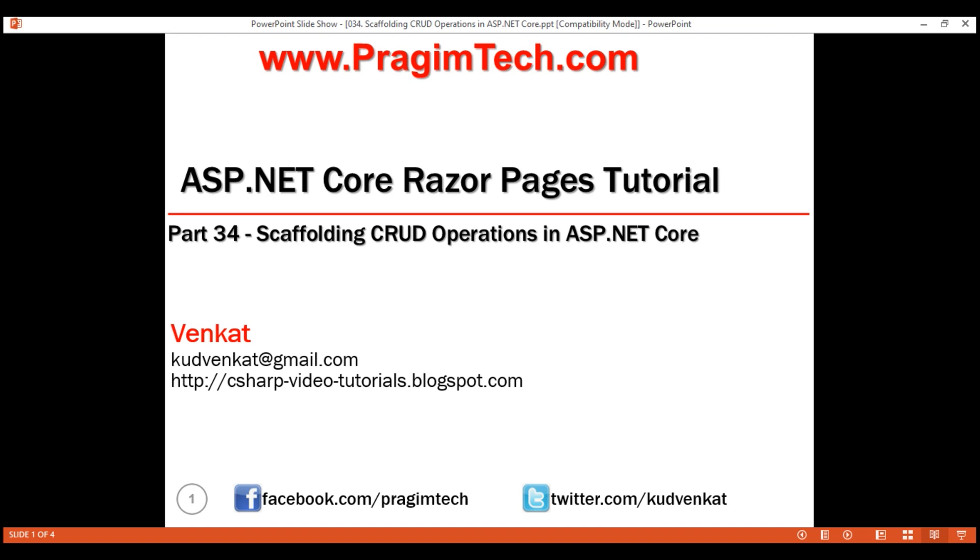This is part 34 of Razor Pages tutorial. In this video, we will discuss how to implement CRUD operations - that is create, read, update and delete - in ASP.NET Core using the Visual Studio scaffolding feature.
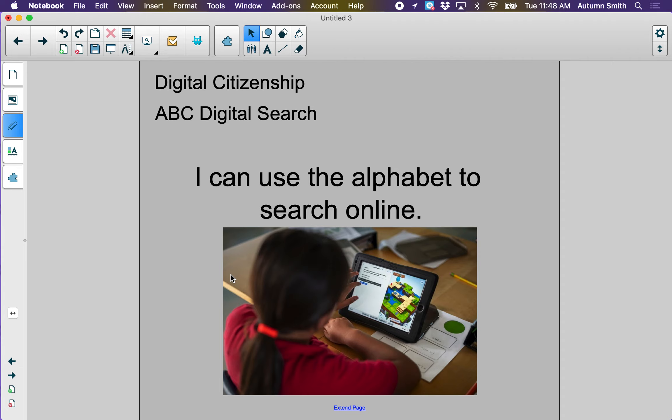First grade, today for our digital citizenship lesson, we are going to learn how to search using the alphabet. So the objective is, I can use the alphabet to search online.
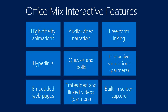In this presentation, I'll show slides that highlight some of the capabilities of Mix, such as the ability to include animations in your slide, the ability to add audio and or video narration, rich ink capabilities, including hyperlinks and live web pages into your presentation.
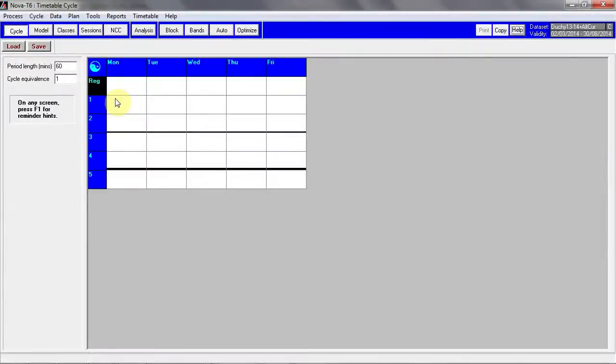Setting up alternative curriculum takes place in Nova T6 and then that information is sent to SIMS where students can be assigned to those lessons. The process of setting up alternative curriculum should be undertaken once the main timetable is complete, that it's scheduled, staffed and roomed.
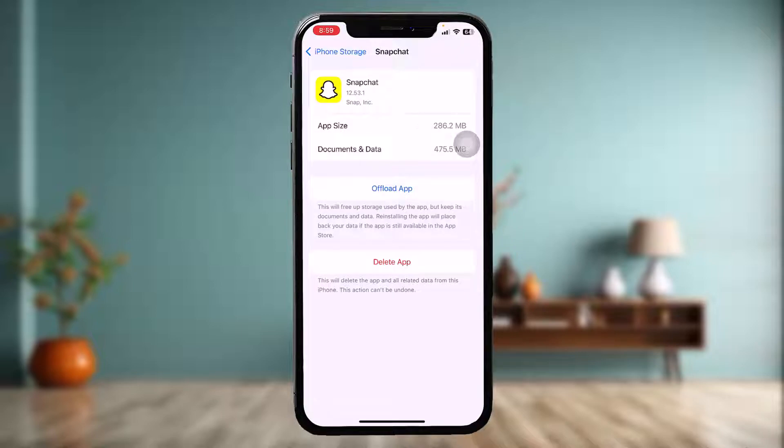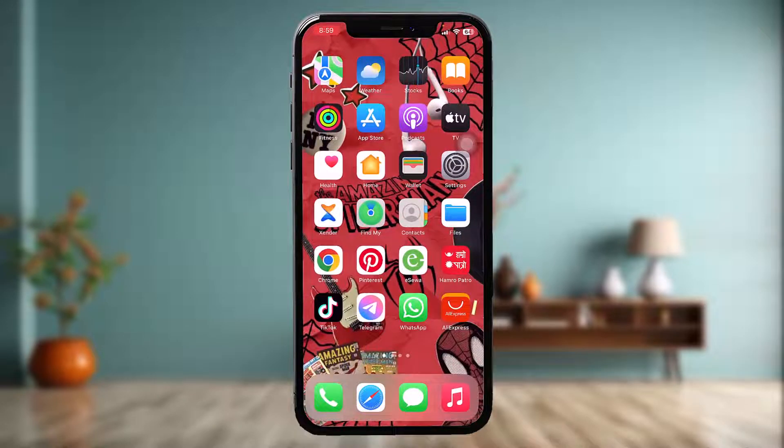Now instead of Offload App you'll find an option that says Reinstall App — simply tap on that, go back, and try again. If that still doesn't fix the issue, move on to the next step.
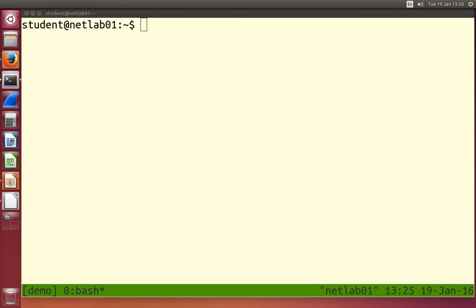We're going to use the terminal to issue commands to our operating system so that we can do different things. We want to do some very basic things to get started, including moving about the file system, changing directories, creating directories, creating new files, copying files, deleting files, and looking and editing files — just some very basic things we do on our computer.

- - -

Task objective:
The required output is an exact copy of the lines from the one with "First grade, today" through the final line of the data above, with pictures removed.

Task solution:
First grade, today for our digital citizenship lesson, we are going to learn how to search using the alphabet. So the objective is, I can use the alphabet to search online.
In this presentation, I'll show slides that highlight some of the capabilities of Mix, such as the ability to include animations in your slide, the ability to add audio and or video narration, rich ink capabilities, including hyperlinks and live web pages into your presentation.
Setting up alternative curriculum takes place in Nova T6 and then that information is sent to SIMS where students can be assigned to those lessons. The process of setting up alternative curriculum should be undertaken once the main timetable is complete, that it's scheduled, staffed and roomed.
Now instead of Offload App you'll find an option that says Reinstall App — simply tap on that, go back, and try again. If that still doesn't fix the issue, move on to the next step.
We're going to use the terminal to issue commands to our operating system so that we can do different things. We want to do some very basic things to get started, including moving about the file system, changing directories, creating directories, creating new files, copying files, deleting files, and looking and editing files — just some very basic things we do on our computer.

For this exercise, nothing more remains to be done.